Since joining the show I’ve had the opportunity to take part in some fun experiences.  During our run in Los Angeles, we were asked to perform part of our act on the Jay Leno show.  As a teenager I remember watching Leno with my parents so it was a great time to be a part of that.  Also, being able to travel the world is one of the best parts of my work.  By spending 5-10 weeks in the cities we tour in, we really have a chance to get a feel for different cultures and what the people from different cities and countries are like.  Our show toured in Japan for 16 months and we were constantly surprised and entertained by the cultural differences.    

Gymn.ca: You were injured a lot during career. What were some of the biggest injuries you overcame? How did you handle the mental component of being injured? Did you ever think about quitting, and how did you motivate yourself to continue? How is your body handling the demands of Cirque? 

At the 1997 World Championships, Russian head coach Leonid Arkaev stood on podium to spot Yvonne on bars. It raised eyebrows, in the gymnastics community and fans debated the event. Some offered theories of soap-opera proportions, but Yvonne offered a more benign explanation: I didn't think much of it because I was focusing on my routine and I was just happy to have someone there to spot.  Normally, one of the Canadian coaches would have stood in for my releases, however at ’97 Worlds all three of the Canadian girls who had qualified to the all-around final happened to be in different rotations so those coaches were all occupied with their own gymnasts.  I think Elvira asked Arkaev because they knew each other and he already had a gymnast in my rotation.  I think it also made it possible for her to stay with me on the competition floor instead of tagging in another Canadian coach and having to watch and try to coach from the stands.    

Yvonne: Some gymnasts have back pain, knee pain, or shoulder problems.  For me, it was always the ankles.  When I was younger, I sprained my ankles quite often.  After so many times, the ligaments had become so stretched that they continued to sprain very easily.  The best way I could cope was to tape well and to try not to take too many short landings.  I didn’t have a lot of acute injuries.  It was more a nagging weakness and fragility where any short landing would bring on pain and swelling.  Unfortunately as gymnasts, short landings happen more often than we’d like.

The biggest injuries I sustained were a dislocated elbow in 1995 falling from a release move and a fracture in the top of my foot during the warm-up for the all-around final at the 1997 World Championships.  I finished that competition, but it was almost a year of rehabilitation afterwards.  I still consider myself quite fortunate with regards to injuries and how my body handled so many years of intense training.  I can honestly say that in my entire career, I never thought about quitting.  I loved to do gymnastics and I did everything I could to be able to train and to compete.

Currently with Corteo, I find my acts to be lower impact than gymnastics.  My primary number is trampoline and my secondary is high bar.  I still have to take care of my body, but my act is lighter on the acrobatics and heavier in the cardiovascular demand and the character play.

Gymn.ca: Congratulations on your recent engagement.

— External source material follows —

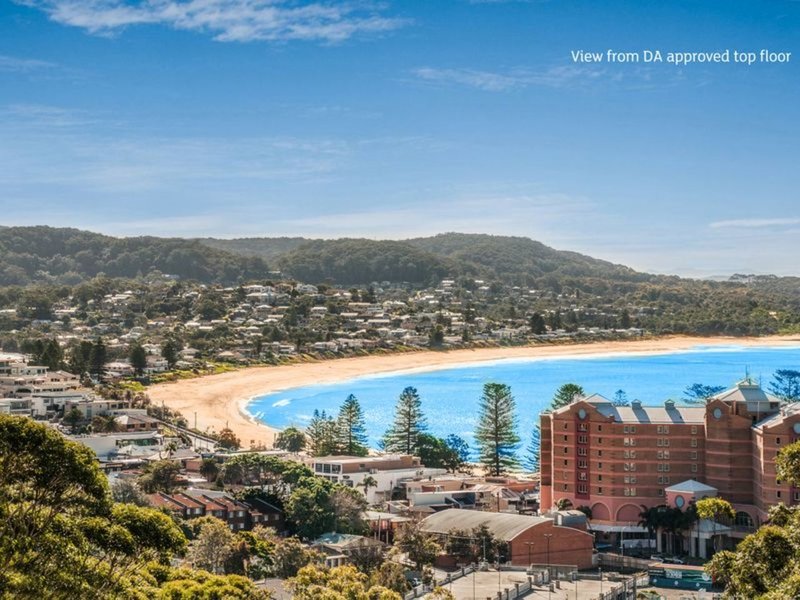 Photo - 50 Scenic Highway, Terrigal NSW 2260 - Image 8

Can you tell us about your fiancé and your wedding plans? 

Yvonne: Thank you!  My fiance is a former gymnast from France.  He is also on the show and works as a high bar artist and coach.  We met in Montreal in 2006 while I was training for Corteo and he was away from tour rehabbing a shoulder injury. We will be getting married in May 2012.

Gymn.ca: Your sister Chantelle was also an elite gymnast, who went on to compete at the University of Florida. What is she doing now?

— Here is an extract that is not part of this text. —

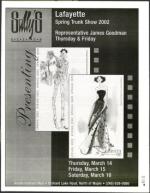 image of March 15, 2002 - number 9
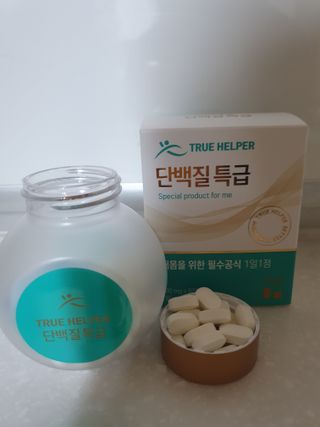나이스님이 올린 리뷰 사진 1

Yvonne: After my sister graduated from university, she spent two years traveling abroad.  Currently she lives in Toronto and works for a healthcare communications agency downtown.  She is also a freelance writer for various fashion magazines and hosts social events around the city.

Some of the many places Tousek and fiancé Yohann Renee have visited with Cirque
Abu Simbel (Egypt), Nagano (Japan), Venice (Italy), and Moscow (Russia)

Photo used with the expressed permission of Yvonne Tousek for Gymn.ca

Gymn.ca: What advice do you have for up-and-coming gymnasts? 

Yvonne: Most importantly, love what you do and enjoy the process.  Enjoy the days spent in the gym working hard towards something with your coaches and teammates.  Have fun with the challenge of learning a new skill or perfecting an old one.  Savor the feeling of flying through the air during a release move or expressing yourself in a floor routine.  Find pleasure in all these little things because these are the things that will bring you back day after day and these are the things that you will remember when you leave the sport.  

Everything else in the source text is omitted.